Reza Pahlavi scià di Persia
Reza Pahlavi Geopolitica
Reza Pahlavi, erede della dinastia Pahlavi, torna al centro del dibattito politico internazionale con dichiarazioni che invocano una transizione democratica per l’Iran. Mentre l’opposizione interna ed esterna al regime islamico guadagna visibilità, la storia della caduta della monarchia persiana e il ruolo delle potenze occidentali meritano di essere ripercorsi per comprendere gli equilibri attuali.
Nel gennaio 1979, nel pieno della crisi iraniana, i leader di Stati Uniti, Francia, Regno Unito e Germania Ovest si riunirono a Guadalupa per discutere il destino dello Scià Mohammad Reza Pahlavi. Convinti che la sua permanenza al potere fosse ormai insostenibile, i governi occidentali decisero di non sostenerlo più, aprendo la strada alla Rivoluzione Islamica.

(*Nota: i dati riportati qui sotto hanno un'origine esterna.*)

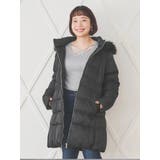 黒 | フードファーベルト付き中綿コート | Re-J&SUPURE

L’influenza della Francia di Valéry Giscard d’Estaing fu determinante nel facilitare il ritorno dall’esilio dell’Ayatollah Ruhollah Khomeini, che divenne il leader indiscusso del nuovo ordine iraniano. La Francia, che aveva ospitato Khomeini a Neauphle-le-Château, fornì al religioso una piattaforma per diffondere il suo messaggio rivoluzionario, contribuendo in modo decisivo alla delegittimazione dello Scià agli occhi dell’opinione pubblica iraniana e internazionale.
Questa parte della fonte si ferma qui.